You can get into/out of tight places easier because you can turn them dramatically tighter vs a bumper pull.

Longer trailer doesn't mean longer overall length because a lot of the trailer overlaps the truck.

The gooseneck area inside the trailer is a nice dry (and usually far more spacious vs any tag trailer) place to store keep stuff out of the weather. 

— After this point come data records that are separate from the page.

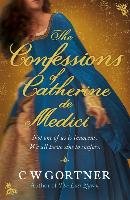 The Confessions of Catherine de Medici Gortner C. W.
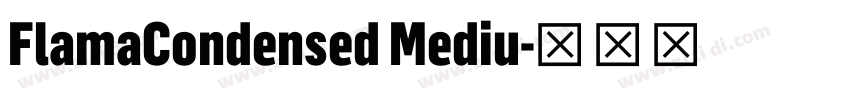 FlamaCondensed Mediu字体转换 FlamaCondensed Mediu字体转换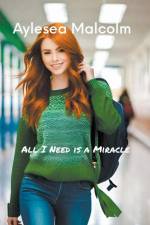 All I Need is a Miracle af Aylesea Malcolm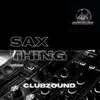 Sax Thing (Vip Mix) - Single album lyrics, reviews, download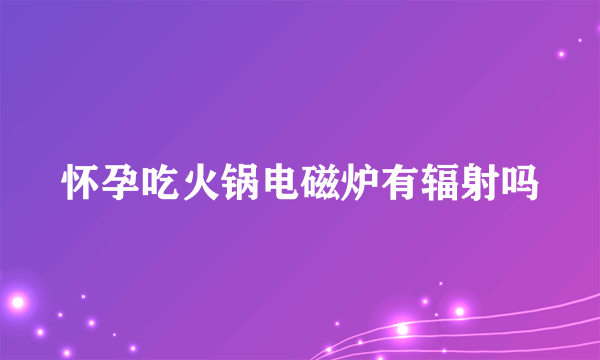 怀孕吃火锅电磁炉有辐射吗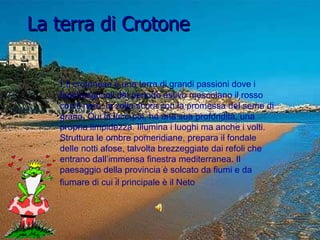 La terra di Crotone I  Il crotonese è una terra di grandi passioni dove i fuochi agricoli del periodo estivo mescolano il rosso con il nero, la zolla scura con la promessa del seme di grano. Qui la luce,poi, ha una sua profondità, una propria limpidezza. Illumina i luoghi ma anche i volti. Struttura le ombre pomeridiane, prepara il fondale delle notti afose, talvolta brezzeggiate dai refoli che entrano dall’immensa finestra mediterranea. Il paesaggio della provincia è solcato da fiumi e da fiumare di cui il principale è il Neto   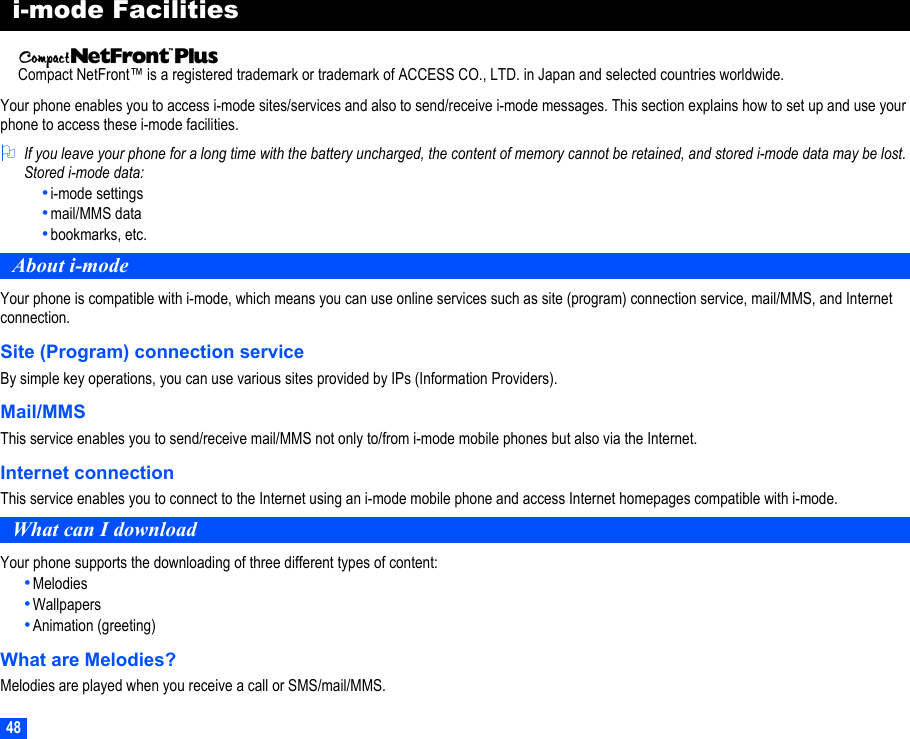 48i-mode FacilitiesCompact NetFront™ is a registered trademark or trademark of ACCESS CO., LTD. in Japan and selected countries worldwide.Your phone enables you to access i-mode sites/services and also to send/receive i-mode messages. This section explains how to set up and use your phone to access these i-mode facilities.2If you leave your phone for a long time with the battery uncharged, the content of memory cannot be retained, and stored i-mode data may be lost. Stored i-mode data:•i-mode settings•mail/MMS data•bookmarks, etc.About i-modeYour phone is compatible with i-mode, which means you can use online services such as site (program) connection service, mail/MMS, and Internet connection.Site (Program) connection serviceBy simple key operations, you can use various sites provided by IPs (Information Providers).Mail/MMSThis service enables you to send/receive mail/MMS not only to/from i-mode mobile phones but also via the Internet.Internet connectionThis service enables you to connect to the Internet using an i-mode mobile phone and access Internet homepages compatible with i-mode.What can I downloadYour phone supports the downloading of three different types of content:•Melodies•Wallpapers•Animation (greeting)What are Melodies?Melodies are played when you receive a call or SMS/mail/MMS.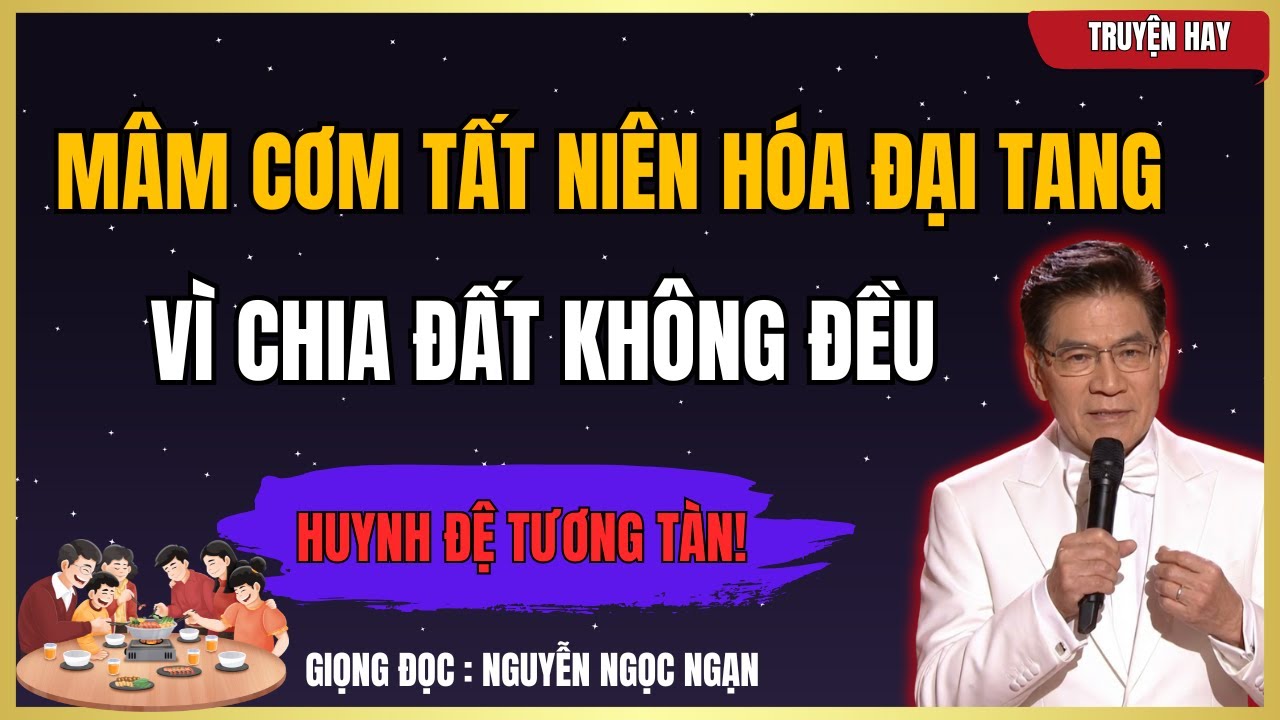 NGUYỄN NGỌC NGẠN - Mâm Cơm Tất Niên Hóa Đại Tang, Vì Chia Đất Không Đều | Ngạn Kể Chuyện Khuya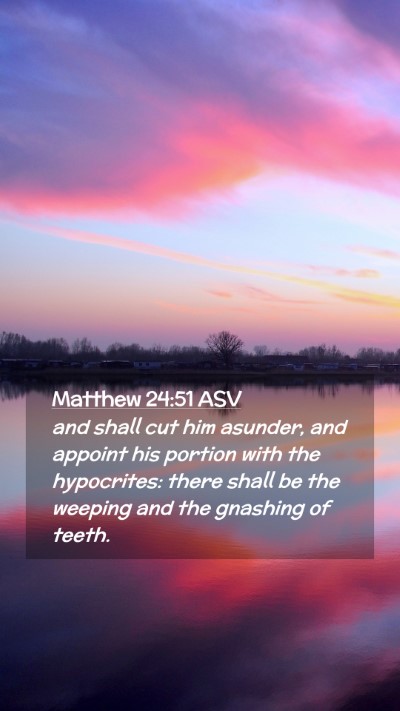 Picture 02 - Matthew 24:51 ASV Mobile Phone Wallpaper - and shall cut him asunder, and appoint his - Mobile Bible Verse Wallpaper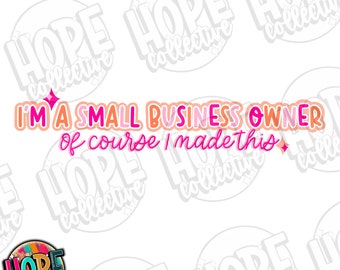 I’m a Small Business Owner Of Course I Made This PNG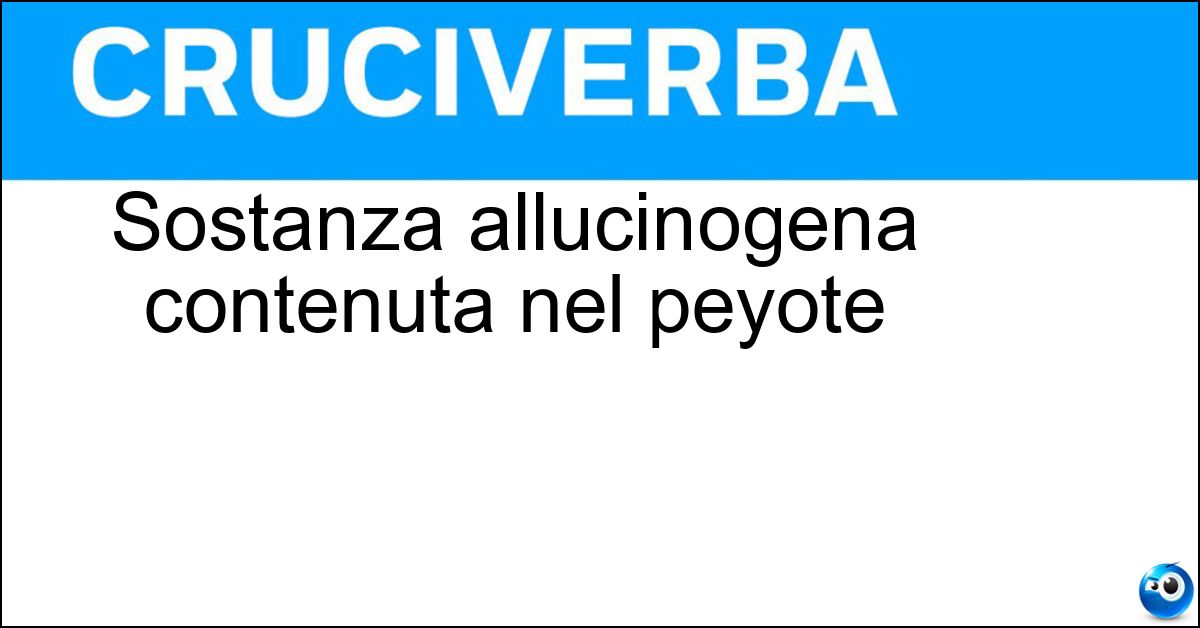 Sostanza allucinogena contenuta nel peyote Soluzione Sostanza allucinogena contenuta nel peyote - Mescalina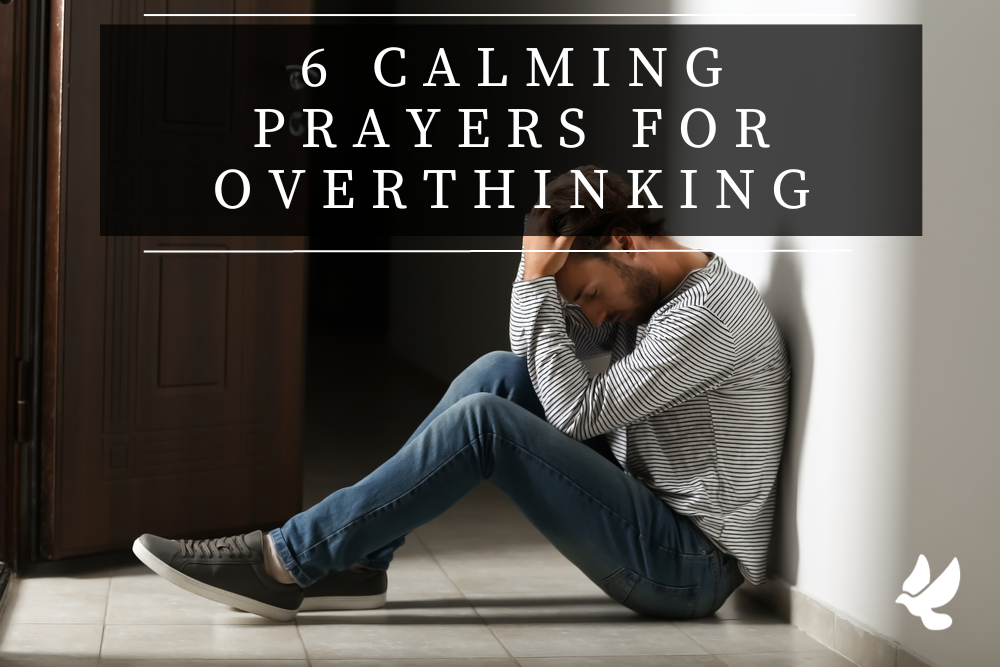 6 calming prayers for overthinking 652118a661a98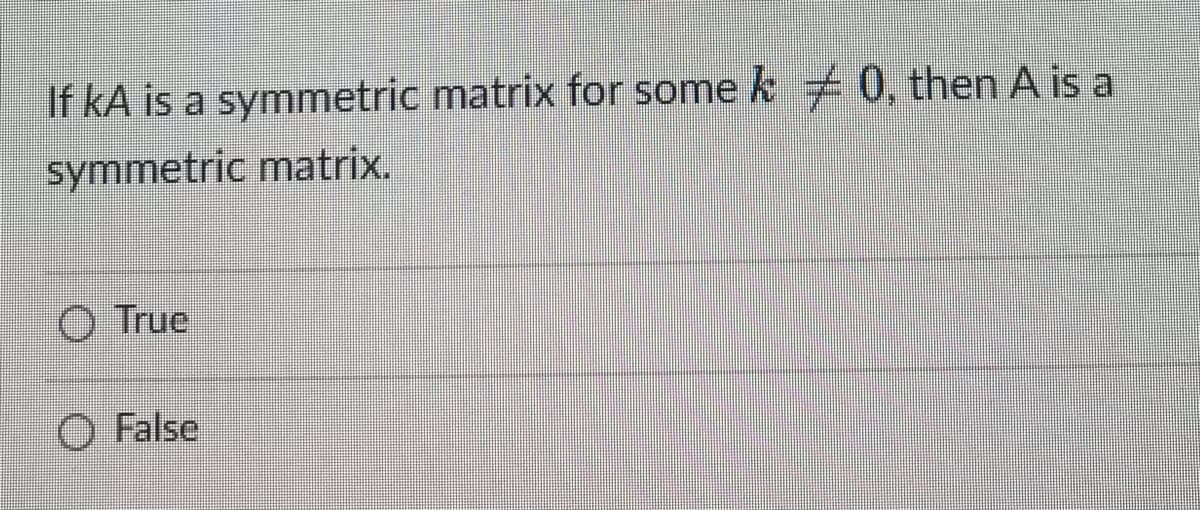 If kA is a symmetric matrix for some k 0, then A is a
symmetric matrix.
O True
False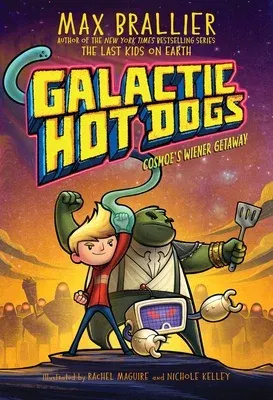 Galactic Hot Dogs 1, 1: Cosmoe's Wiener Getaway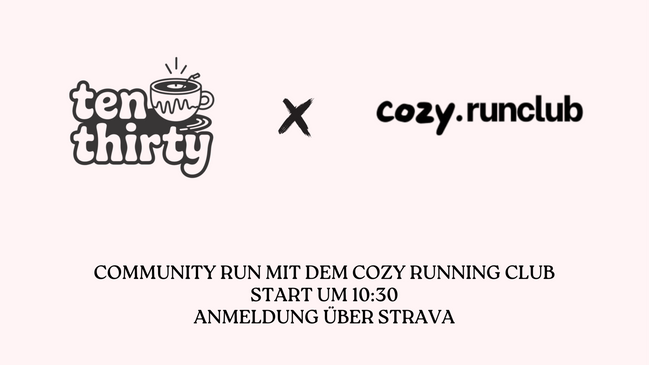 COMMUNITY RUN x COFFEE PARTY by Cozy.Runclub & Ten Thirty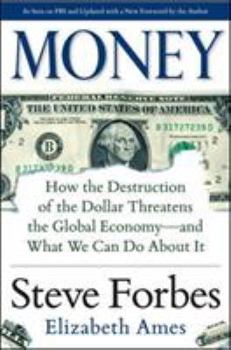 Hardcover Money: How the Destruction of the Dollar Threatens the Global Economy - And What We Can Do about It Book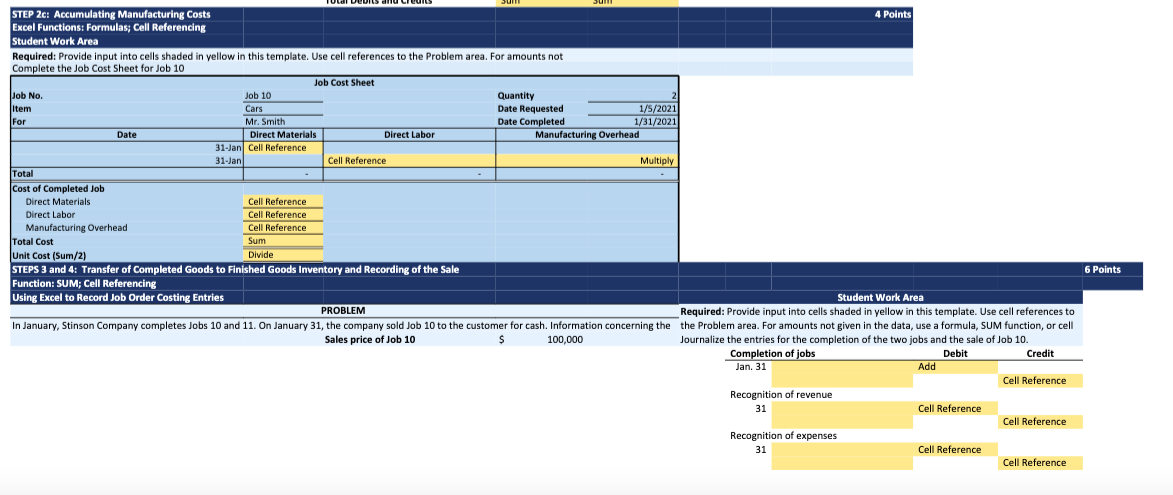 STEP 2c: Accumulating Manufacturing Costs 4 Points Excel Functions: Formulas; Cell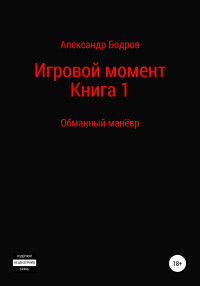 Александр Андреевич Бодров — Цикл: Игровой момент. Книга 1: Обманный манёвр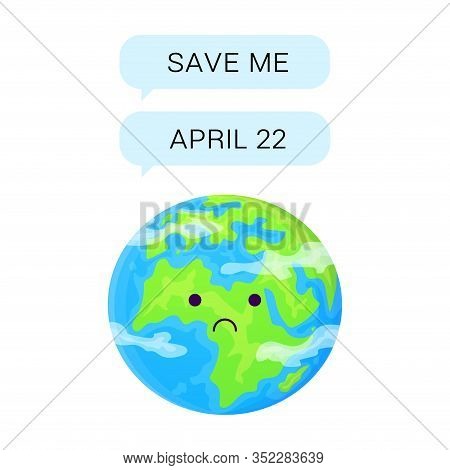 Cute Cartoon Earth Text In Messanger To Save Planet. World Earth Day April 22 Concept. Stock Vector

Just be sure your truck is up the realities of a GN trailer. The pin/ball weights are *signifigantly* more than a tag trailer and can overwhelm a half ton very easily into unsafe territory. If it's a rear-axled GN configuration this is even more dramatic and can easily put you into dually truck territory based on pinweights, so pick your trailer wisely based on your trucks capabilities.


----------



## smrobs (Jul 30, 2008)

I adore goosenecks. Unfortunately, I only have a bumper pull right now.


----------



## DuckDodgers (May 28, 2013)

PrivatePilot said:


> Gooseneck / 5th wheel is dramatically more stable, number 1 thing in my books.
> 
> They ride better. Buy a GN with axles towards the back of the trailer and they ride *dramatically* better vs a centre-axled tag trailer.
> 
> ...


This is basically what I've heard. Gooseneck is generally a better option if your truck can handle it, but don't overload your truck for the sake of having one. That's not from personal experience, though... just what I've heard from horse trailer folks.


----------



## CAP (Jun 18, 2014)

Thanks everyone for your opinions, defiantly sounds like the gooseneck would be the best choice, my biggest downfall with it is you loose the ability to use your box but the pros out way the cons.. 
The couple trailers I'm looking at defiantly aren't pushing the limit of my truck, I come from a long line of truckers, so I keep on top of my weights specially since I'll be hauling my babies!


----------



## smrobs (Jul 30, 2008)

Sometimes what you would have hauled in the box will fit in the nose.


----------



## PrivatePilot (Dec 7, 2009)

CAP said:


> my biggest downfall with it is you loose the ability to use your box


Not necessarilly, the footprint of a gooseneck in the back of the truck is very small. Yes, you couldn't haul a round bale with you, but you can still get 4 or 5 squares (or whatever else you want) back there no problem. Just be sure to secure anything light, GN's/5'th wheels create weird wind currents in the bed and will suck out or toss around lighter items.


----------



## CAP (Jun 18, 2014)

For the most part all I'd use the box for is hay, but my husband and I have been considering moving to the states (he's from there) so it would have been nice to have the room in the box for the move if we do go, if not it's not a huge loss to me, it's more him not liking the idea which I'm unsure why. I know for sure for that long of a haul I would defiantly want a gooseneck, possibly moving there is why I'm allowed to update my trailer now, my husband told me I'd have to sell one of the horses for us to take them down there since we only have a 2 horse trailer right now, but I told him I can't part with anyone lol.


----------